As f_11 is negative, f_22 has to be negative as well. To see why, consider what would happen to the second-order leading principal minor if f_22 were positive. Then the first term, f_11 * f_22, would be negative. But then we would substract a positive number (f_12 * f_21) from a negative number. The second-order leading principal minor would then be a negative number. But it must be positive as it was shown above. So f_22 clearly cannot be positive. Therefore, we have verified that for the 2×2 Hessian the diagonal terms f_11 and f_22 have to be negative in order for the matrix to be negative definite.

But of course this can be generalized to any n-by-n symmetric matrix. So basically, the second-order condition in the n-dimensional case amounts to checking out whether the Hessian is negative (semi)definite. Please note, the above leading principal minor-test will establish that the Hessian is negative definite (that is equivalent to the second derivative of f being strictly less than zero in the one-input case). To check whether it is negative semidefinite, you’d have to work a little more. But negative definiteness obviously implies negative semidefiniteness. So if the above test checks out, you’re OK.

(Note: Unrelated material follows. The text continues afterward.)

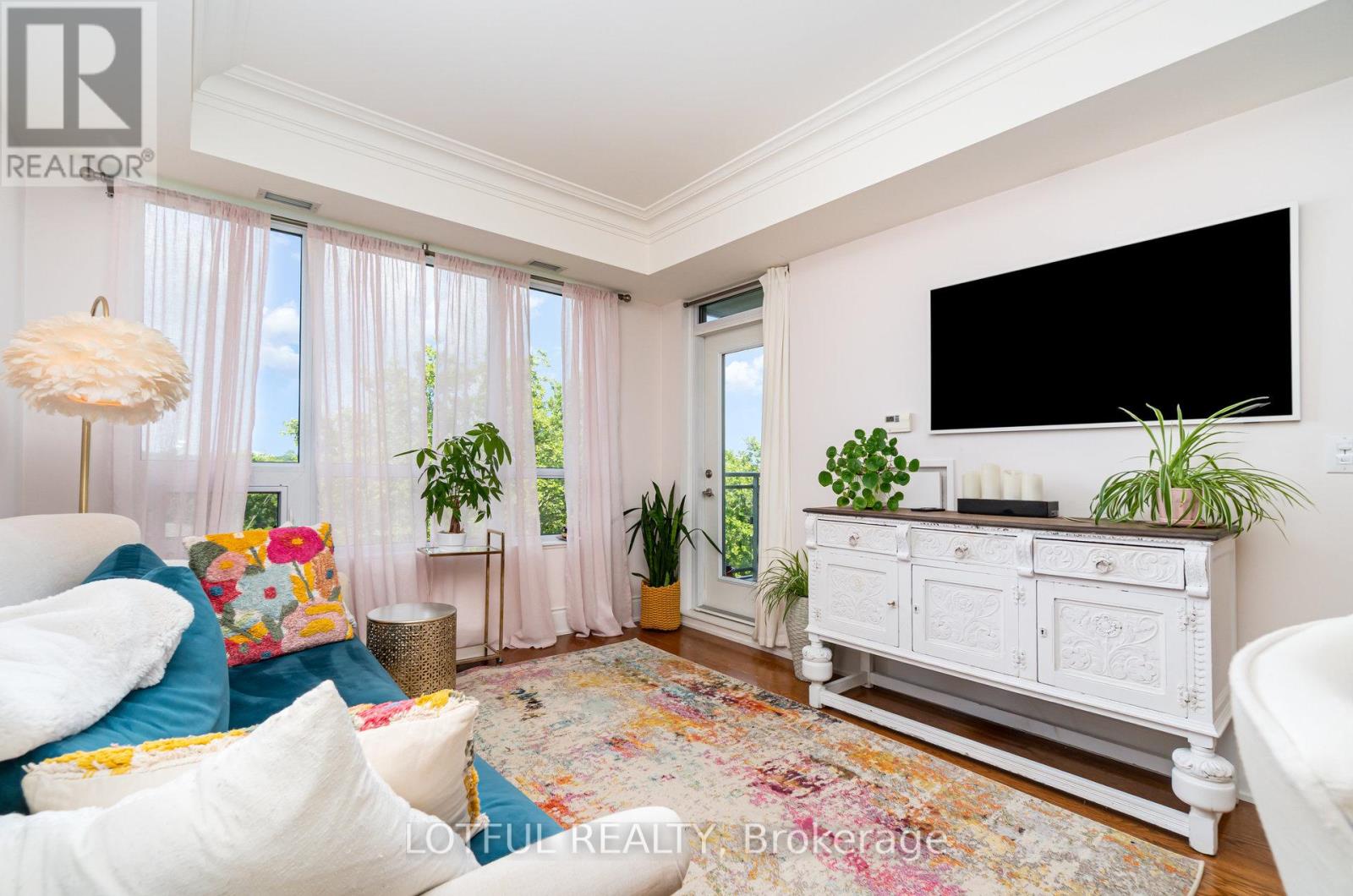 Photo 4 of 711 3500 Lakeshore Road W, Oakville ON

If it doesn’t, you’d have to check all principal minors of the Hessian. The matrix will be negative semidefinite if all principal minors of odd order are less than or equal to zero, and all principal minors of even order are greater than or equal to zero. What other principal minors are left besides the leading ones? Well, one can make a principal minor by removing the ith column and the ith row, and then taking the determinant. Thus by removing the first column and the first row from the Hessian above, we’d have a third principal minor |f_22|.

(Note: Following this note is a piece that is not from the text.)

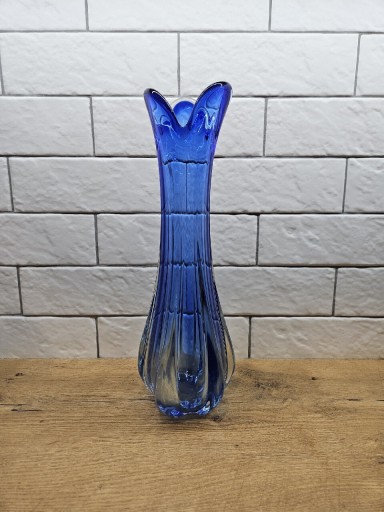 Zdjęcie oferty: Wazon niebiesko-transparentny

For a 3×3 matrix the leading principal minors would of course include the determinants of the top-left 1×1, 2×2 and 3×3 submatrices. But to get the remaining principal minors of order 2, you’d have to form a matrix without the second row/column and one without the first row/column. To get the remaining principal minors of order 1, you’d have form 1×1 matrices by removing the first and second rows/columns and the first and third rows/columns. Altogether, this is 7 principal minors you’d have to check.

Positive (semi)definiteness can be checked similarly. If the leading principal minors are all positive, then the matrix is positive definite. If all principal minors are non-negative, then it is positive semidefinite. Also not surprisingly, checking whether a matrix is positive (semi)definite has a similar role in minimization problems that negative (semi)definiteness has in maximization problems.

There are many applications of these notions in economics (perhaps I will write a post soon on some of them). You will tend to find it in micro. If you take any graduate level course in micro, it is certainly worth being familiar with this.